I mean - I'm trying to completely wipe it out with zeros (or ones) and I know I'd have to be in root to do it. I saw a thread on this subject, on this forum but I just couldn't find it anymore.
I'm using Mandrake 9.0
Last edited by zebra90210; 09-04-2003 at 12:14 AM.
You can also use the 'shred' command. Check the man page, and in case you didn't notice when MasterC said it, be VERY, VERY CAREFUL. Think about it before you type the command, then type the command VERY CAREFULLY, then read the command (need I say VERY CAREFULLY), then think about it some more, then hit enter. Then say, 'Oh 5#|7!!!' when you realize that you didn't save a copy of that critical file that you really, really needed ;-)
I know I'd have to VERY careful about executing that command but what I meant was - I was trying to format the ENTIRE DRIVE, including root and everything else.
I'm running a 3-disk system. I have three 20Gb hard drives in my PC, one for Win98, used only occasoinally, mostly for games and some stuff that only exists in the Windows (THANK YOU, MR. GATES). The other drive is my primary Linux system, Mandrake 9.0 and finally the third drive is my 'battlefield' where I can experiment with new stuff without any worries about lost data.
I use a Trios switch to select a drive I want to use.
So, coming back to my question - I wanted a quick, final, 'no questions asked just F%$*#N do it NOW!' format command.
Cerbere - how exactly do I execute the 'shred' command?
Forgive me for asking this question again, I'm not a Linux guru, just a user who knows the system, but is not exactly familiarized with the back door commands.
Well, if you're keeping the hard drive, then I wouldn't worry about using the shred command. It's generally for wiping out data so that it can't be recovered, even with state of the art tools (think national security).
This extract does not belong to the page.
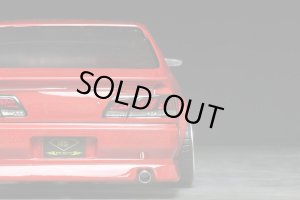 画像4: (7月下旬発売予定/予約分)パンドラRC(Pandora RC)/PAB-3225/Toyota クレスタ JZX100 BLS クリアボディセット(未塗装/未組立) 【BN-Sports公認】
If you're just looking to wipe out the drive so you can install a new OS or store new data, then just use the fdisk command.
This will bring up an interactive program which is used to add, delete and set the properties of partitions. The first thing you'll want to do once you're in fdisk, is hit the 'm' key to show what options are available.
To list the partitions that are already on your drive, hit 'p'.
To delete a partition, hit 'd' then it will ask what partition you want to delete.
To add a partition, hit 'n', then it will ask if you want to add a primary or extended partition. Stick with primary as long as you can (you're allowed up to four). Then it will ask what number you want to assign to the partition (just count up from one).
To set the filesystem type for a partition, hit 't'. It will ask which partition you want to set, then which filesystem you want. Hit 'L' to see a list of the filesystem types (83 is the native Linux filesystem, 82 is swap, c is FAT32).
Finally, when you have the disk set up as you like, hit 'w' to save the changes you've made and exit fdisk. If you decide you don't want to save the changes, then hit 'q' to quit without saving.
After you've finished setting up the partitions with fdisk, you'll want to format the partition(s) for your filesystem(s) of choice. If you want a standard ext2 Linux filesystem, then use 'mke2fs /dev/hda'.
Now you'll have a nice fresh partition all ready to be mounted and used in Linux.
p.s. If you do want to destroy all the data so no one will ever be able to read it (if you're giving away the disk, for example), then the usage of shred would be:
shred -n 1 -z /dev/hda
The '-n 1' means that it will make one pass of filling the drive with random gibberish. The -z means that it will then fill the drive with zeros.
It's worked like a charm.
As the format progressed the things started disappearing from the desktop,
I was clicking on the icons and they would disappear or freeze.
Finally I couldn't even move a mouse.